Noting Labor Secretary R. Alexander Acosta’s recent announcement that Labor’s June 9 compliance date will move forward, Clayton said that the rule “may have significant effects on retail investors and entities regulated by the SEC,” as well as “broader effects on our capital markets. Many of these matters fall within the SEC's mission of protecting investors; maintaining fair, orderly, and efficient markets; and facilitating capital formation.”
Clayton said that he welcomes Labor’s “invitation to engage constructively as the Commission moves forward with its examination of the standards of conduct applicable to investment advisers and broker-dealers, and related matters.”
Added Clayton: “Given the significance of these issues — in particular, for retail investors looking to save for the things that matter most to them, including homeownership, education, and retirement — I look forward to robust, substantive input that will advance and inform the SEC’s assessment of possible future actions.”
The SEC, Clayton said, "has been reviewing this [fiduciary] area for some time," but significant developments in the marketplace have occurred since “the RAND study of investor perspectives was commissioned in 2006, the Dodd-Frank Act Section 913 staff study conducted in 2010-2011, and, most recently, a solicitation of data and other information in 2013.”
The comment period currently has no deadline, according to an SEC spokesperson.
Barbara Roper, director of investor protection for the Consumer Federation of America, said in response to the SEC request that CFA has “long supported SEC action to ensure that broker-dealers who provide personalized investment advice are held to the fiduciary standard appropriate to that role. And we appreciate that Chairman Clayton, like his four immediate predecessors, has pledged to address this issue.”
She added that while CFA looks forward “to working with the Commission to develop a strong, pro-consumer standard, experience has taught us to take these commitments with a grain of salt. It has also taught us to remain on our guard against efforts by the broker-dealer community to hijack this process to benefit themselves rather than their customers.”
Roper called it “troubling that Chairman Clayton frames his announcement as a response to DOL Secretary Acosta’s call for further input.
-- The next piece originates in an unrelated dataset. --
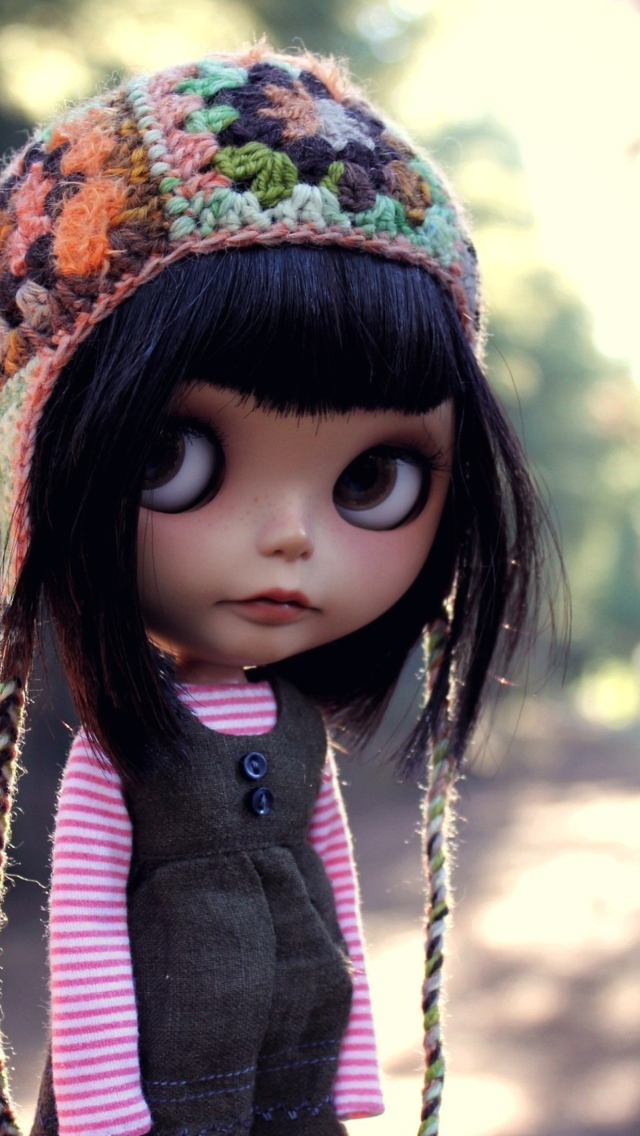 Screenshot №1 pro téma Doll Wearing Hat 640x1136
Industry opponents of the DOL fiduciary rule have made no secret of their desire to replace the DOL fiduciary rule with a watered down, disclosure based approach from the SEC.”
The agency not setting a comment period deadline, Roper added, looks to be a "ploy to justify putting off the January 2018 [DOL fiduciary rule] implementation date indefinitely while they [DOL and the SEC] come up with a joint plan to water down the standard to the point of meaninglessness."
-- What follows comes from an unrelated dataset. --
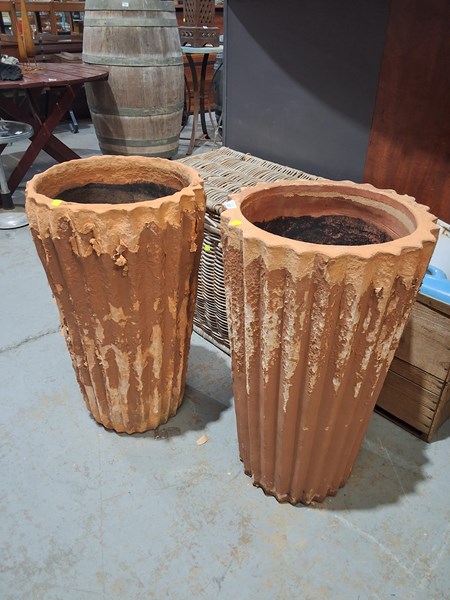 Lot 347 - PLANT POTS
The SEC, Roper continued, “has no jurisdiction or particular expertise with regard to fiduciary investment advice to plan sponsors or with regard to advice related to non-securities, such as insurance products, that play a major role in the retirement advice market. For these reasons, an SEC rule cannot substitute for the broader protections afforded retirement savers by a DOL rule under ERISA and the tax code.”